My rating: 3 of 5 stars
I was initially excited about this book. The opening was catchy and the writing very descriptive. I always like the idea of turning a mysterious actual event into fiction. In this case, Ovid, the Latin poet of the Roman Empire, was banished from Rome by decree of the emperor Augustus. The reasons for his banishment are not known. Alison demystifies the historical event by making the exile the result of a smashup love affair between Ovid and a witch named Xenia and a plot by Augustus's granddaughter Julia. The love affair, she posits results in Book VII of the Metamorpheses: Medea.

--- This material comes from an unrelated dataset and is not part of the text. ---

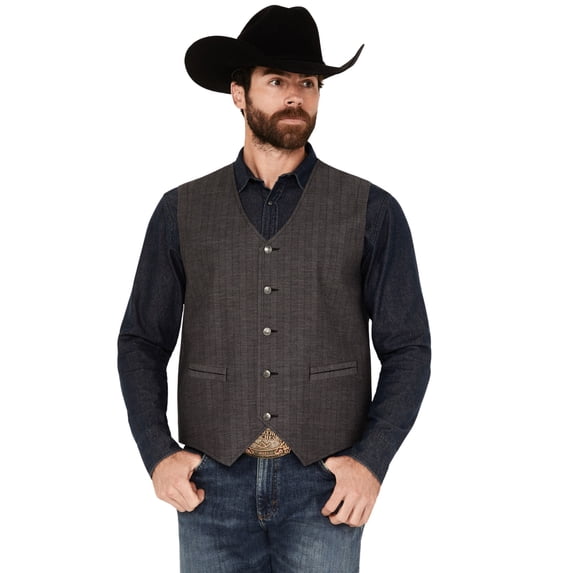 Moonshine Spirit Men's Herringbone Button-Down Wool Vest Grey US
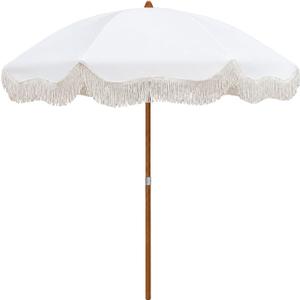 AMMSUN Upgraded Boho Fringe Umbrella, 6.5ft Canvas Umbrella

At some point, I became aware that I was "plodding" through the book. Almost nothing happens on the page, but rather one feels as though one is reading about events that happened long ago. Now, this IS a historical novel, but I want to feel some immediacy when I'm reading it.
The writing became overly florid. Or as one reviewer said: The writing IS lyrical - and many times too much so. You're left floating in a sea of prose and often the ground of reality is left so far below you can't even see it.
Ovid and Julia had no (for lack of a better word) character arc. Xenia was more complex, but rather predictable. In the end, I wondered if one of Rome's greatest writers wrote only because he worried about being forgotten. I suppose if the result is The Metamorphoses, he might be forgiven for that.
I also wondered if people unfamiliar with Augustus's Rome would follow some of the events that are only obliquely referred to? I have read a lot of novels and studied the history of that period, and I was left scratching my head.